Just at that time, I happened to come in touch with Johnny Parth, then founder of "Roots Records", a first rate label, specializing in all styles of authentic prewar blues. From then on, I could dig into the music like I never could before. Still today, I admire Johnnys "Document Records" along with the later founded vintage series of "Wolf" as the most representative collections of all time. With Johnny’s Roots-Records in my hand, I swore, never to touch the world of music-entertainment again and establish my name as introductor and trademark for living blues artistry. I was in my early twenties and steamed up with creative power.
First thing, I had to manage, was to wash out my viennese accent and get rid of my Elvis-flavor, when it came to sing the blues. The other problem was to find a stylish direction, not to be visually mistaken for an Elvis clone. Finally, I gave it up to be somebody else, because I could'nt get black anyway and I knew very well, that Elvis' upcoming was also deeply rooted in the country-blues. So I carried on with my fifties style, but playing strictly prewar blues, slightly flavored with some of Elvis' early stage antics. In fact, this produced some additional confusion and my life wound up in some kind of social isolation, because I simply did not fit the stylish requirements of the era. So I stood there, amidst hippies and bob dylan clones, displaying my slicked back hair, complete with sideburns, slacks and two-toned shoes....but hell, I was different. And that was I wanted to be.

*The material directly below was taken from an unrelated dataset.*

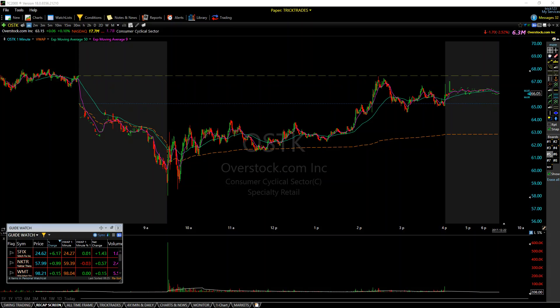Hey everyone, it's Pat Mitchell here with Trick Trades. I want to do a quick free video lesson on trendlines and the importance of trendlines. I'm sure all of you, or at least most of you, have set up some sort of trendline. I'm sure you realize that they are pretty important.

But the times, they were a-changin, as Bob Dylan once stated and some unheard artists came to light, as the mass media jumped the bandwagon in 1967. The Austrian Broadcasting Company founded a progressive sidekick to ist formal program, called Ö3. The station’s broadcasting concept followed the change towards the upcoming rock-revolution of the late 60s and informed about the latest political trends of the `68 students movement.